Task to complete:
Which lines run from the line with "voyant-moteur-pourquoi-p91" through the line with "FIAT-MOBI-2023" in the entries below? Print them exactly, both ends included, and nothing more.

[Material provided — start]

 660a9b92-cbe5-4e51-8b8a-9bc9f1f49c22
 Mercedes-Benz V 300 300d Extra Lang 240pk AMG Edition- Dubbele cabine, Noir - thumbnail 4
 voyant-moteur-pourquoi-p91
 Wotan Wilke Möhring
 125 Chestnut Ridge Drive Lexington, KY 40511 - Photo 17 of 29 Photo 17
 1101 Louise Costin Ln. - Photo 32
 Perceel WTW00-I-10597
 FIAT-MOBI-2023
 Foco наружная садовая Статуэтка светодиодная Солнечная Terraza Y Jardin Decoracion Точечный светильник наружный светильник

[Material provided — finish]
[Material provided — start]

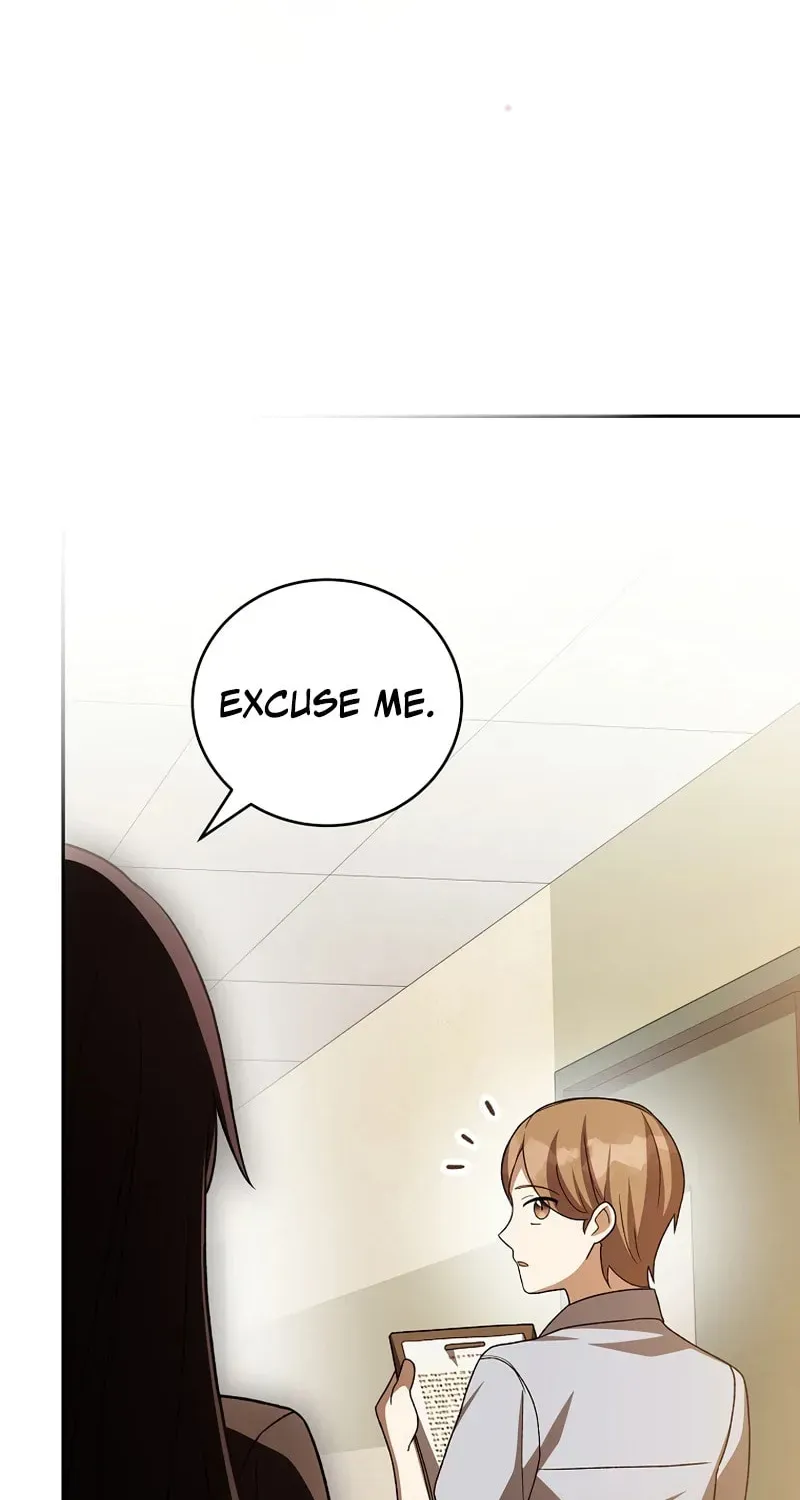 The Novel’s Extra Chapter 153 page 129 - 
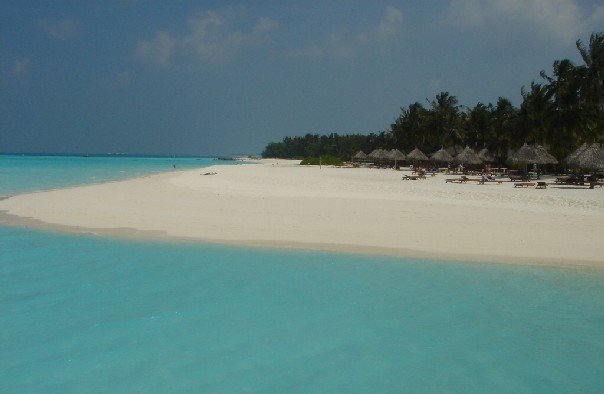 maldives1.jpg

[Material provided — finish]
[Material provided — start]

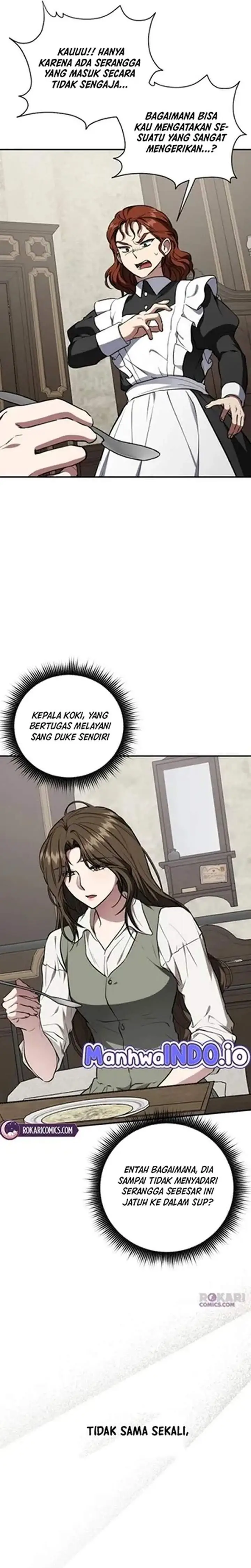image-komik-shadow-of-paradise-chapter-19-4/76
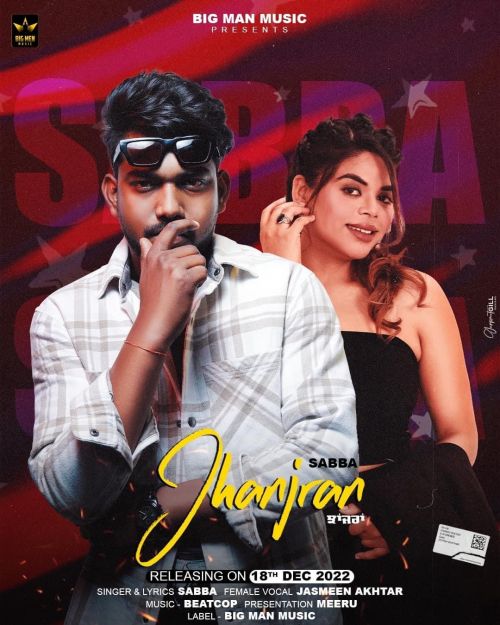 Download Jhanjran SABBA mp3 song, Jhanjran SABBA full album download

[Material provided — finish]

Answer to the exercise:
 voyant-moteur-pourquoi-p91
 Wotan Wilke Möhring
 125 Chestnut Ridge Drive Lexington, KY 40511 - Photo 17 of 29 Photo 17
 1101 Louise Costin Ln. - Photo 32
 Perceel WTW00-I-10597
 FIAT-MOBI-2023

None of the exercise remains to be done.